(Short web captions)
┏━━

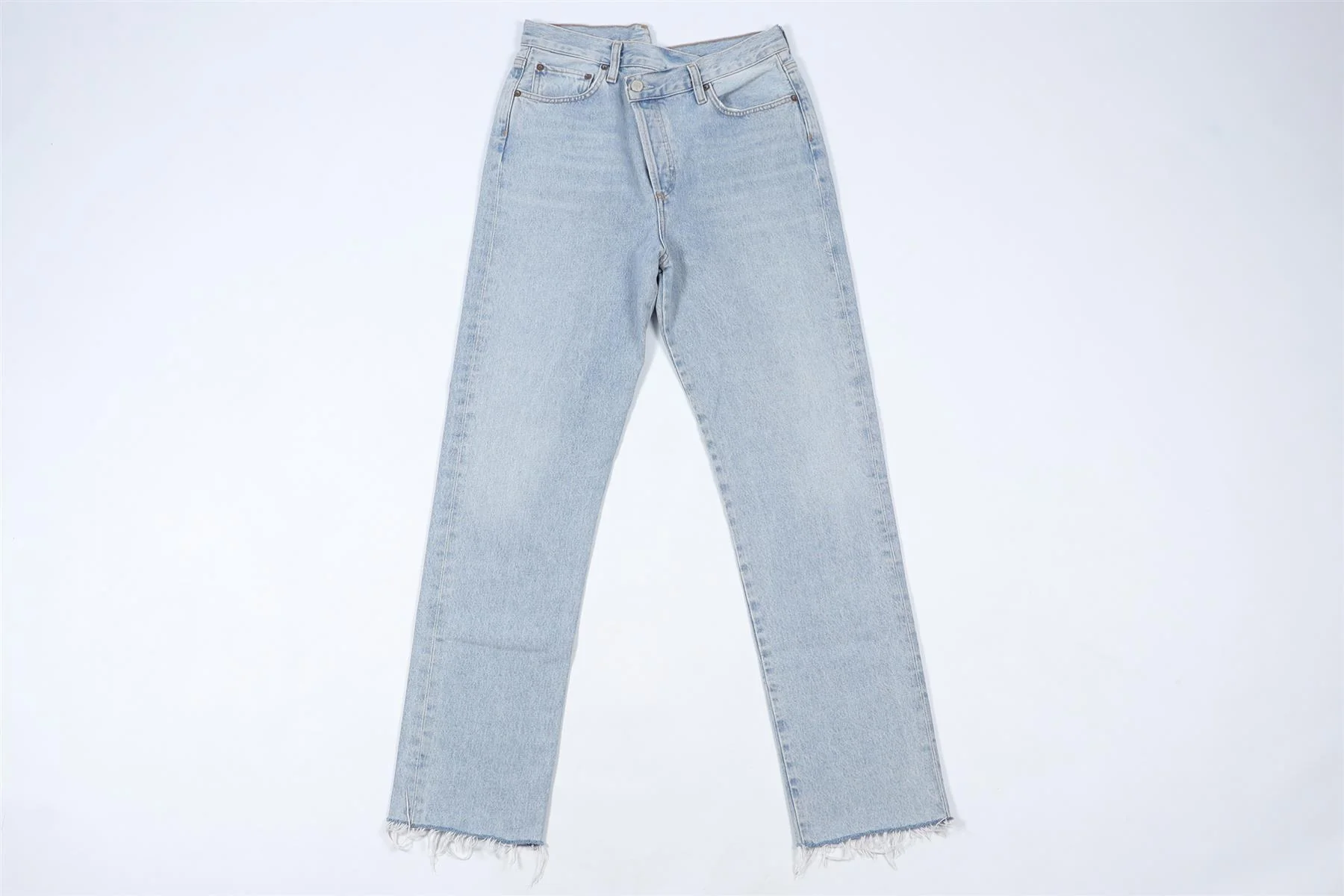 AGOLDE BLUE HIGH RISE STRAIGHT LEG JEANS W27 UK 8-10 - Image 2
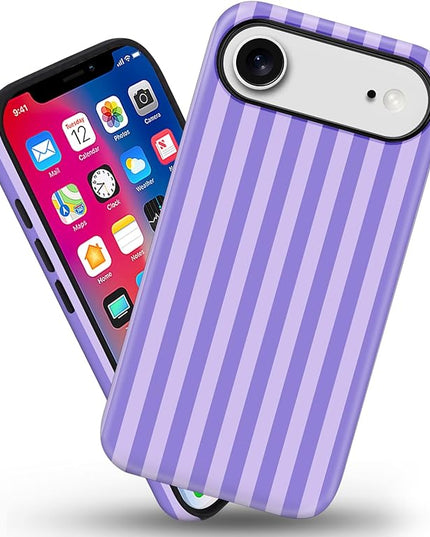 Magnetic for iPhone 17 Air Case Cute Stripes Phone Case, Shockproof Slim TPU and Hard PC Protective Phone Cover Compatible with MagSafe Designed for Women Girls, Light Purple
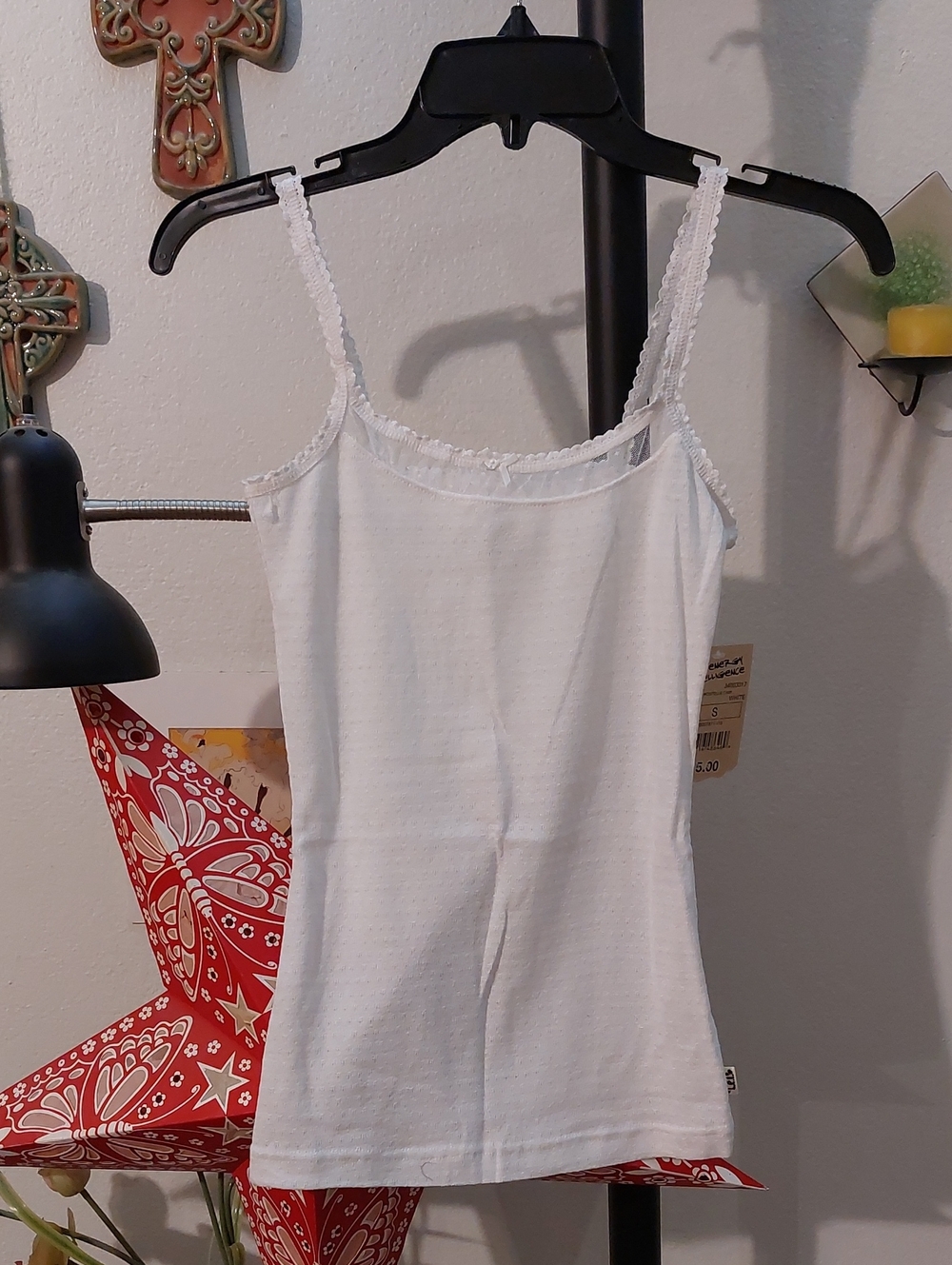 Vintage Y2K White Pointelle Lace Cami
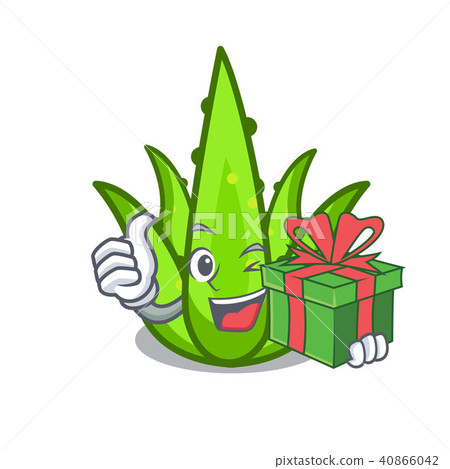 With gift aloevera character cartoon style With gift aloevera character cartoon style 40866042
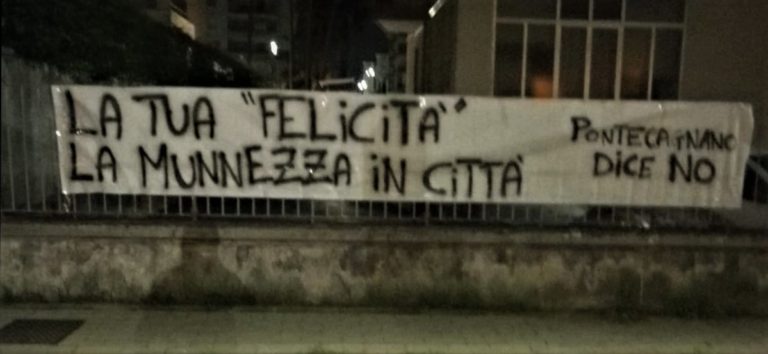 Pontecagnano: striscione nella notte e corteo il 29 per dire “No” agli impianti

┗━━

Retype the data in full. Images do not go in the copy.

 AGOLDE BLUE HIGH RISE STRAIGHT LEG JEANS W27 UK 8-10 - Image 2
 Magnetic for iPhone 17 Air Case Cute Stripes Phone Case, Shockproof Slim TPU and Hard PC Protective Phone Cover Compatible with MagSafe Designed for Women Girls, Light Purple
 Vintage Y2K White Pointelle Lace Cami
 With gift aloevera character cartoon style With gift aloevera character cartoon style 40866042
 Pontecagnano: striscione nella notte e corteo il 29 per dire “No” agli impianti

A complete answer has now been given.